= Work instruction =
Go through the listing below, and from the line containing "Ant International Power Plug Amigo (White)" through its last line, transcribe every line exactly, skipping pictures.

##### Supplied information

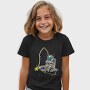 Astronaut Shark Space, Tricou Copii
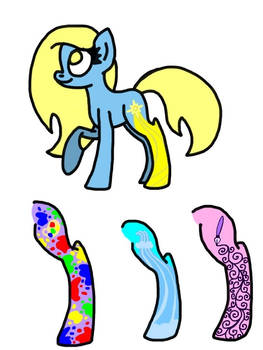 Pony Tattoos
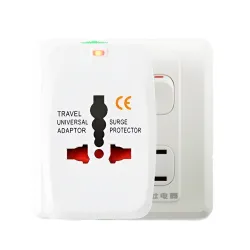 Ant International Power Plug Amigo (White)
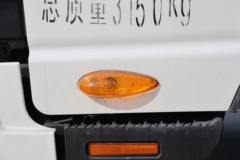 江淮 领跑EV3 3.4T 3.7米单排纯电动厢式轻卡41.86kWh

##########

= Answer section =
 Ant International Power Plug Amigo (White)
 江淮 领跑EV3 3.4T 3.7米单排纯电动厢式轻卡41.86kWh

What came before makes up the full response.